EXERCISE: Take the lines from the one containing "Bridgestone Tour B-330 - RXS Golfbälle" through the final line below and restate them exactly. Omit the pictures.

AVAILABLE DATA:
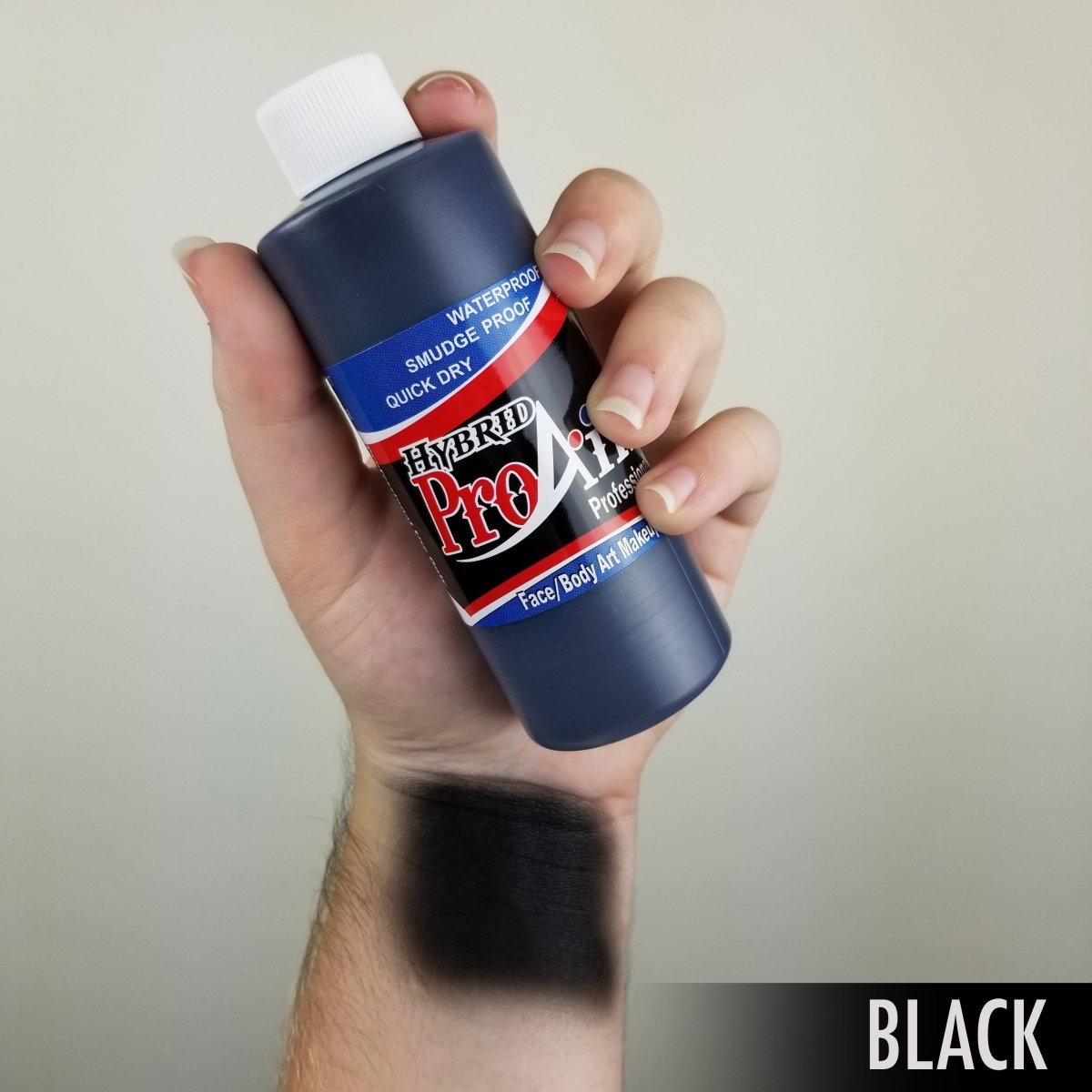 ProAiir Hybrid Alcohol-Based Makeup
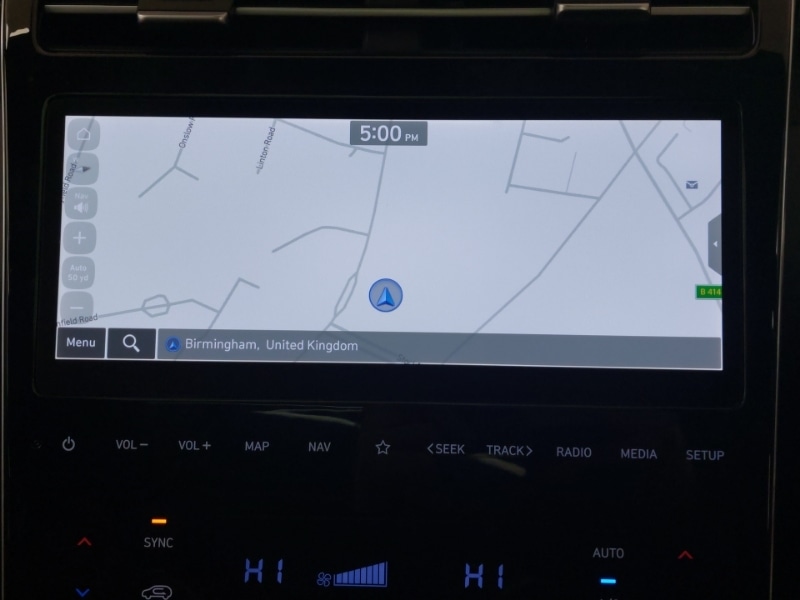 Used Hyundai TUCSON 2022 for sale - 76643979: Photo 7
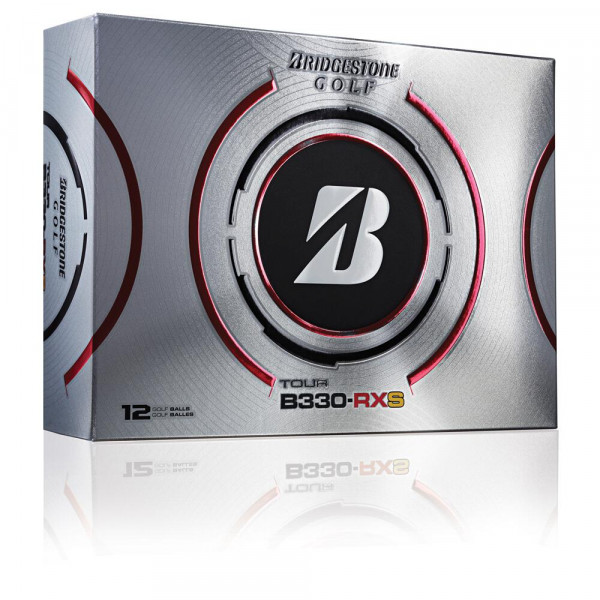 Bridgestone Tour B-330 - RXS Golfbälle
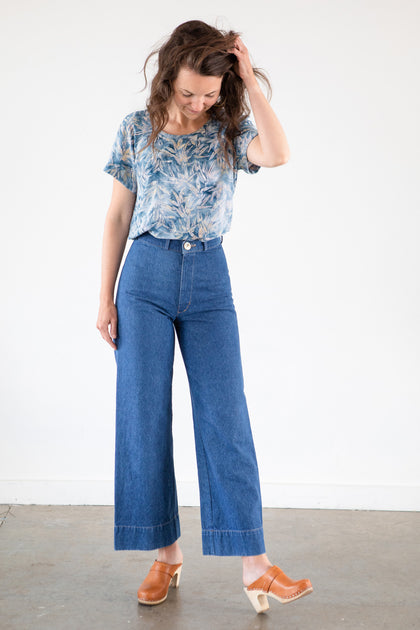 Products – Allie Olson Sewing Patterns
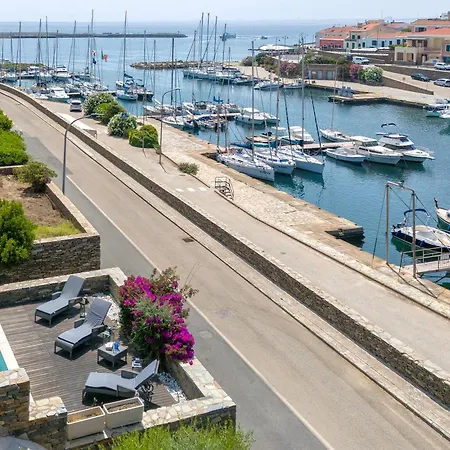 Casa Katy Sul Porto Di Casa vacanze Stintino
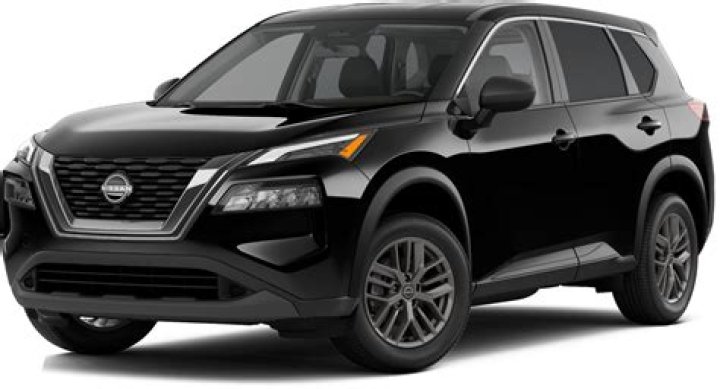 2022 Nissan Rogue Incentives, Specials & Offers in Atlanta GA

YOUR RESPONSE:
 Bridgestone Tour B-330 - RXS Golfbälle
 Products – Allie Olson Sewing Patterns
 Casa Katy Sul Porto Di Casa vacanze Stintino
 2022 Nissan Rogue Incentives, Specials & Offers in Atlanta GA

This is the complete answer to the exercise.